--- Supplied information ---
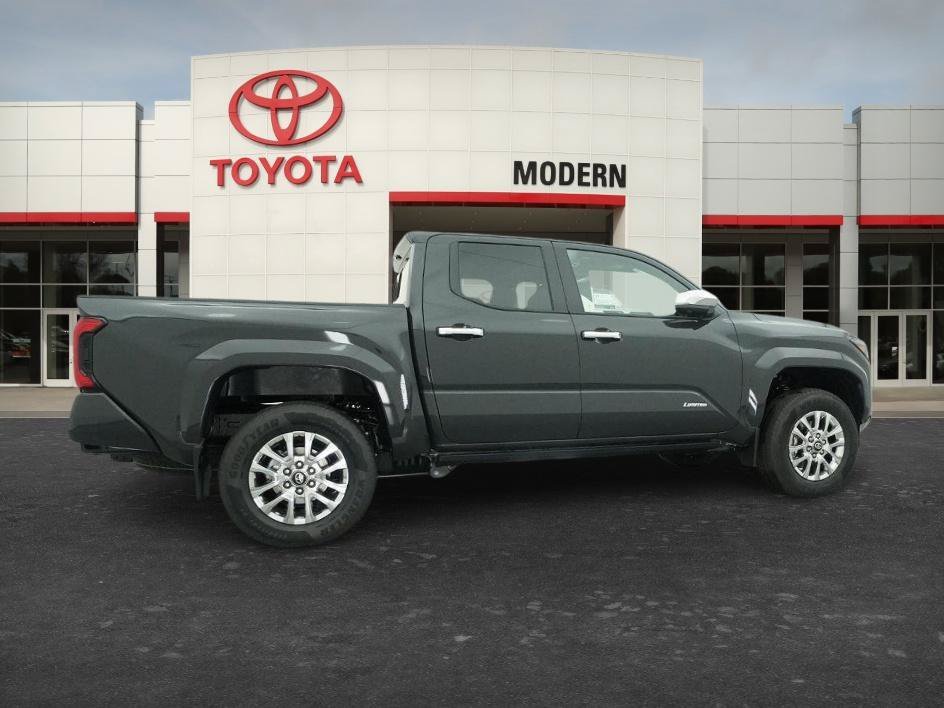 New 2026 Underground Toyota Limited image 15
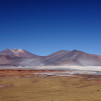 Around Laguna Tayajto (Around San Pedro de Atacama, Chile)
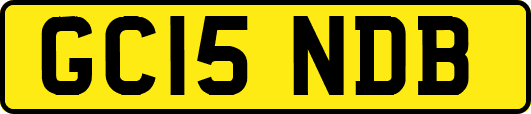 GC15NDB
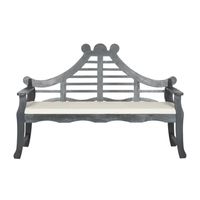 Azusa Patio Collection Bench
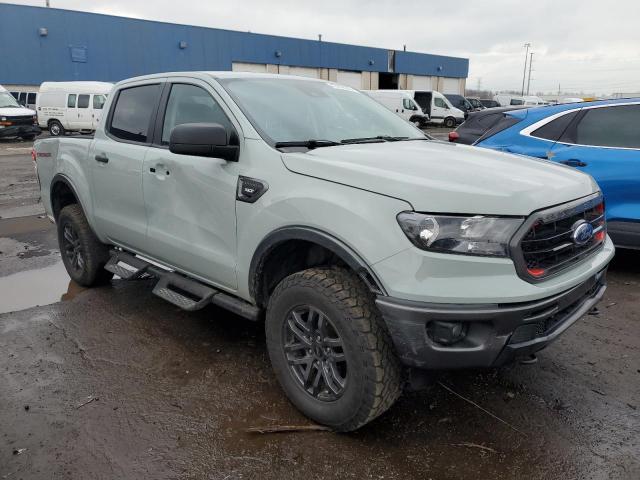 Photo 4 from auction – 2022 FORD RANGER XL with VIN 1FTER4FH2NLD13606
---
--- Supplied information ---
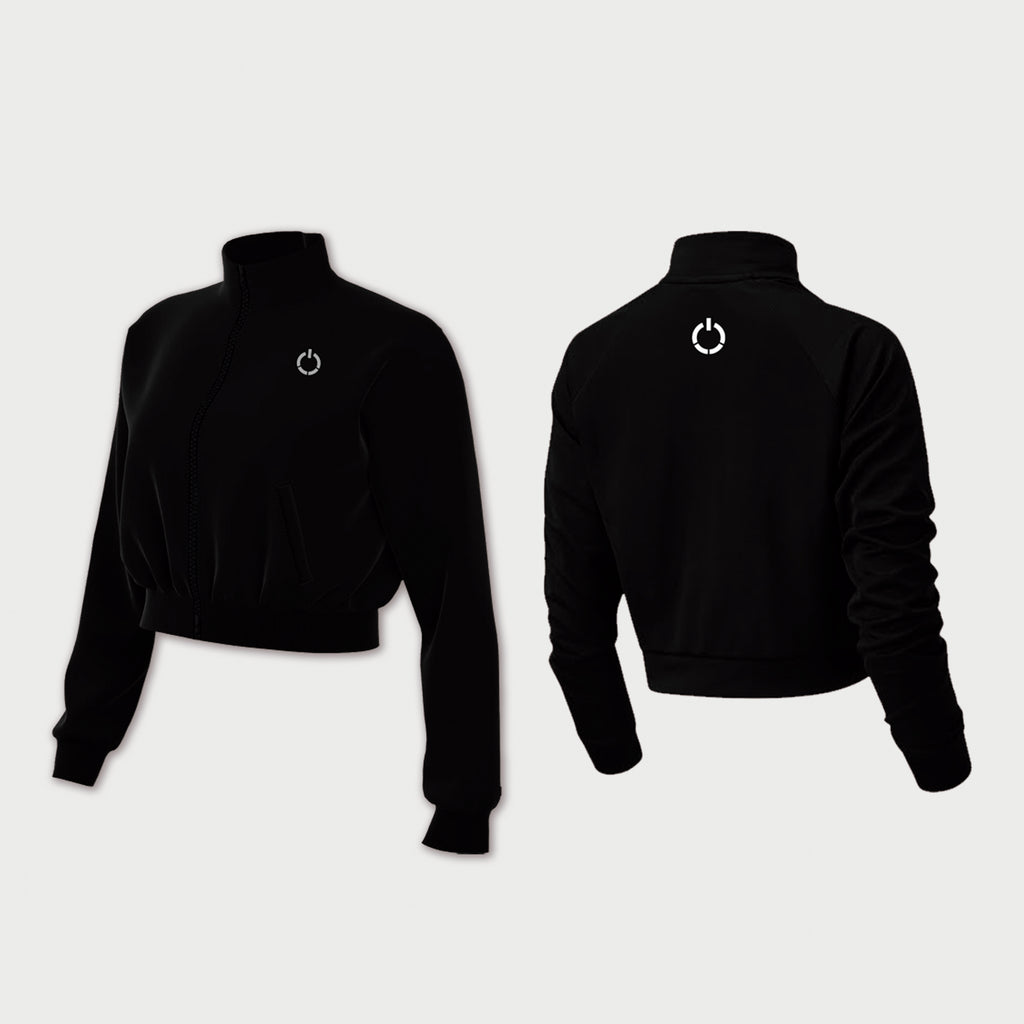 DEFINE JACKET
---
Your answer must be everything above from the line with "Around Laguna Tayajto" down to the line with "Photo 4 from", word for word, and no pictures.

 Around Laguna Tayajto (Around San Pedro de Atacama, Chile)
 GC15NDB
 Azusa Patio Collection Bench
 Photo 4 from auction – 2022 FORD RANGER XL with VIN 1FTER4FH2NLD13606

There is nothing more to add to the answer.